Effect of Sucrose on Cisplatin-induced Fatigue-like Behavior in Mice: Comparison With Fructose and Glucose

Abstract

Background/aim: Fatigue is the most common symptom in patients with cancer undergoing radiation therapy or cancer chemotherapy. However, cancer-related fatigue remains undertreated and poorly understood.

Materials and methods: Mice were administered a single dose of cisplatin (10 mg/kg, intraperitoneally) or saline (as a control) and then treated with sucrose, fructose, glucose (each at 500 or 5,000 mg/kg, orally), or saline (control) daily for 4 days. cisplatin-induced fatigue-like behavior was investigated by assessment of running activity on a treadmill. The influence of glucose intake on tumor growth was also examined in Lewis lung carcinoma (LLC)-bearing mice.

Results: Administration of sucrose and glucose improved cisplatin-induced fatigue-like behavior in mice, whereas administration of fructose showed only slight antifatigue effects. Although glucose-fed mice showed increased tumor growth, this was balanced out by the powerful cytotoxicity of cisplatin.

Conclusion: Sucrose, and especially glucose, may improve patient quality of life during treatment with anticancer agents by preventing fatigue without interfering with the antitumor effects of cisplatin.

Keywords: Cisplatin; fatigue-like behavior; fructose; sucrose.

Figure 1. Experimental timeline (A). Effects of sucrose (B), fructose (C), and glucose (D) in mice subjected to a treadmill fatigue test after treatment with cisplatin (CDDP). Each column represents the mean±standard error of the mean for six mice. Statistical analyses were performed with oneway analysis of variance followed by Tukey’s multiple comparisons tests. Significantly different at: ***p<0.005 vs. the control group; ^#p<0.05, ^##p<0.01, and ^###p<0.005 vs. the CDDP–saline group.

Figure 2. Liver weight and liver glycogen content were measured in mice treated with cisplatin (CDDP) and sucrose (A, B), fructose (C, D), or glucose (E, F). Each column represents the mean±standard error of the mean for six mice. Statistical analyses were performed with one-way analysis of variance followed by Tukey’s multiple comparisons test. Significantly different at: *p<0.05, **p<0.01, and ***p<0.005 vs. the control group; ^#p<0.05, ^##p<0.01, and ^###p<0.005 vs. the CDDP–saline group.

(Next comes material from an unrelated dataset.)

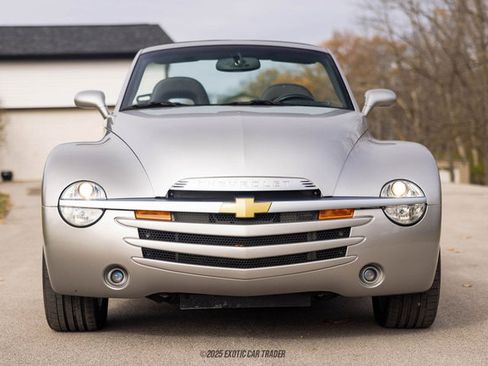 Used 2005 Chevrolet SSR w/ Preferred Equipment Group image 13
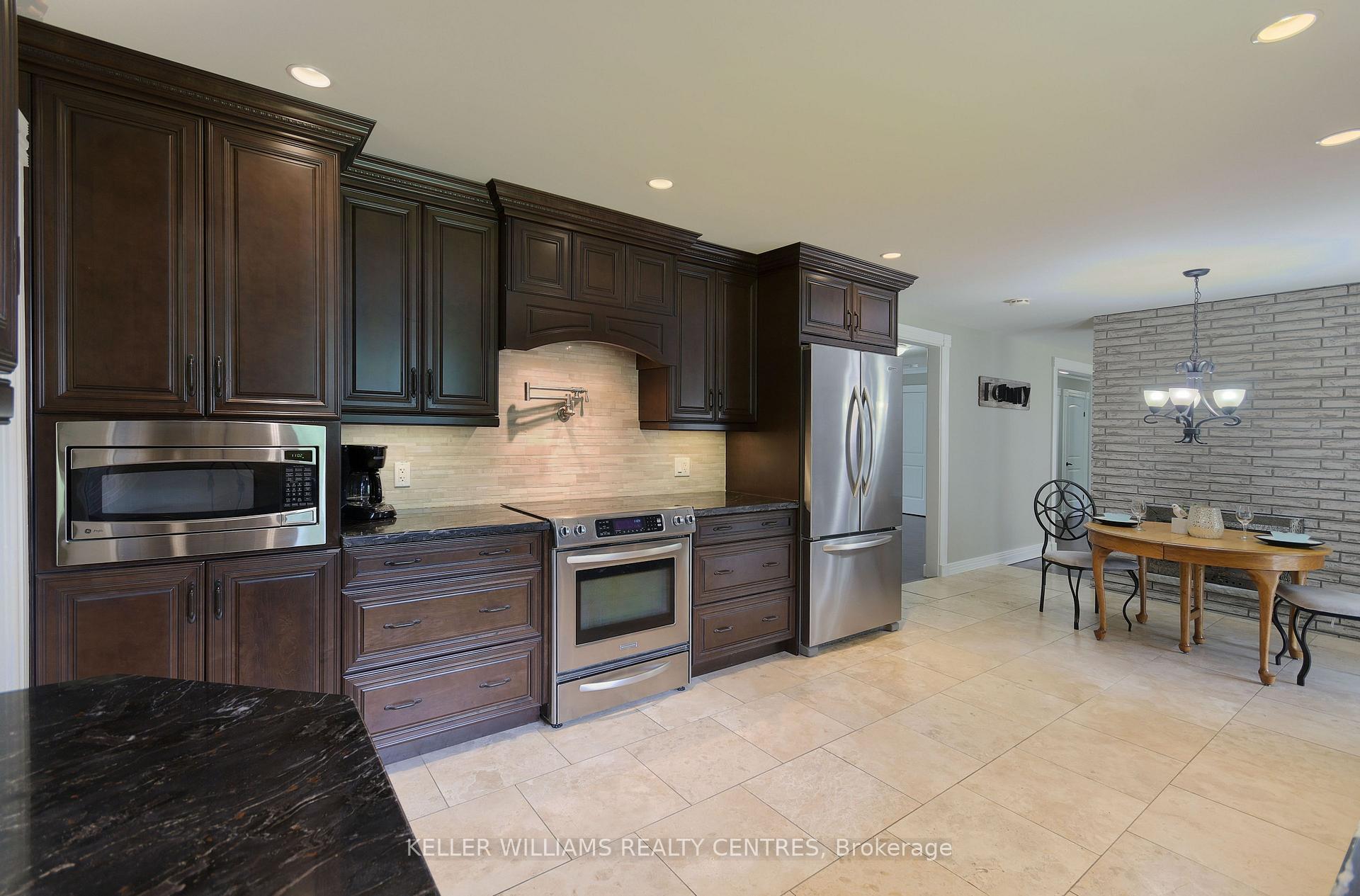 Photo 8 of 1138 Old Second Road N, Springwater, Rural Springwater — HOMEH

Figure 3. Experimental timeline (A). Effects of glucose or water intake with administration of cisplatin (CDDP) or saline on Lewis lung carcinoma (LLC)-bearing mice. Tumor volume was measured at 8, 10, 12, 14, and 16 days using a Vernier caliper. Tumor volume=length × width × width/2 (B). CDDP-treated mice showed a lower body weight relative to the body weight of control mice (C). Each point represents the mean±standard error of the mean for five mice. Statistical analyses were performed with two-way analysis of variance (ANOVA) followed by Tukey’s multiple comparisons test. Significantly different at: *p<0.05 and **p<0.01 vs. the control group.